Ciente de que a aula estava sendo gravada, Bandeira chega a afastar o microfone do rosto antes de relatar a prática de tortura, com a pretensão de que somente os alunos ouvissem o relato. Ao final do vídeo, o agente rodoviário diz se tratar de uma brincadeira e afirma não ter feito isso, pois sofreria procedimentos disciplinares.
Questionado pela reportagem, Bandeira disse que o vídeo foi “pinçado e recortado”. O policial rodoviário afirmou ao Estadão que as declarações dadas durante a aula foram um “exemplo lúdico” sobre o que não deve ser feito durante o exercício da função. Segundo ele, a encenação da tortura, aos risos, foi uma brincadeira.
“Quero deixar claro que eu não corroboro com nenhuma prática de tortura e nunca pratiquei. Aquilo ali é um exemplo fictício.
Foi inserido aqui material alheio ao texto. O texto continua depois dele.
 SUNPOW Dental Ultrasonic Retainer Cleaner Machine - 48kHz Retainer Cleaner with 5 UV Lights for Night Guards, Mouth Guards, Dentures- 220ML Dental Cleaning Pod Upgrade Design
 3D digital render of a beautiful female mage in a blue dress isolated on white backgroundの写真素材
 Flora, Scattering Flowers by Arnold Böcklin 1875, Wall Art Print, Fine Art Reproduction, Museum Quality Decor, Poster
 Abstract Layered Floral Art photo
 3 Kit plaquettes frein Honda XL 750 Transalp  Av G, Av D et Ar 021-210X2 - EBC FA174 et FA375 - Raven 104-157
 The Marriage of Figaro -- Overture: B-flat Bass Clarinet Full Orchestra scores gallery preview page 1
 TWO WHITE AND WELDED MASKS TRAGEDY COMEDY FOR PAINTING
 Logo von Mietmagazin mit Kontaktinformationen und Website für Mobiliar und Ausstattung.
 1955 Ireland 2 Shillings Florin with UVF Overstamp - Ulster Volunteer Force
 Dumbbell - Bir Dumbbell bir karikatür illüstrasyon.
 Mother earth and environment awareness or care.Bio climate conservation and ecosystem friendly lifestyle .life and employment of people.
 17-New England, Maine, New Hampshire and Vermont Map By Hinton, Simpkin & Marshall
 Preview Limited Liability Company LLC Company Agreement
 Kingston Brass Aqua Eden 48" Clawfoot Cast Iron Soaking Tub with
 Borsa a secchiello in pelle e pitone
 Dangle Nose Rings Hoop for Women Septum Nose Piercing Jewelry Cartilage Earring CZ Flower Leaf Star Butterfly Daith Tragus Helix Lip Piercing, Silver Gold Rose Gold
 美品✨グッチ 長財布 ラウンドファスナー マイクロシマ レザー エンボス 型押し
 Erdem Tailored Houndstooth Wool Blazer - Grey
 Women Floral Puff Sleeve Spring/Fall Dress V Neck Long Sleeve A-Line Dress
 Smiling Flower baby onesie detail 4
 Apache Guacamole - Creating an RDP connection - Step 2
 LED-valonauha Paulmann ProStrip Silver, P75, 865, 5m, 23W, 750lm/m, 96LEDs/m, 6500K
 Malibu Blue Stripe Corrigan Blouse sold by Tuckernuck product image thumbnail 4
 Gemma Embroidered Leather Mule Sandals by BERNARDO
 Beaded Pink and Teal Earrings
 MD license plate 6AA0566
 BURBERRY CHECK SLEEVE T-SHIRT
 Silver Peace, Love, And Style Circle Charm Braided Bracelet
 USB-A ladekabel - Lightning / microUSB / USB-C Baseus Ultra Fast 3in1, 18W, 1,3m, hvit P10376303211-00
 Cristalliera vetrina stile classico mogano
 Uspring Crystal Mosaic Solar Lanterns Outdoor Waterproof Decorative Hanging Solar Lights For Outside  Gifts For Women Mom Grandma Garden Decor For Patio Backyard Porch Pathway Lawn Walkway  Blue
Tem seis anos aquele vídeo. Esse vídeo foi resgatado, pinçado e recortado. No final do vídeo, eu deixo claro que se trata de uma brincadeira. Foi um exemplo acerca da própria lei 455 (tipifica o crime de tortura). Um exemplo infeliz ali no momento. Não corroboro, não pratico e nunca vi um ato desses na PRF”, afirmou Bandeira ao Estadão.
Quando perguntado sobre o caso de Sergipe, Bandeira disse não poder se manifestar, em nome da PRF, sobre o assassinato de Genivaldo de Jesus por colegas de corporação. O policial também não comentou a semelhança entre os métodos aplicados pelos agentes e os ensinados por ele aos seus alunos no curso preparatório.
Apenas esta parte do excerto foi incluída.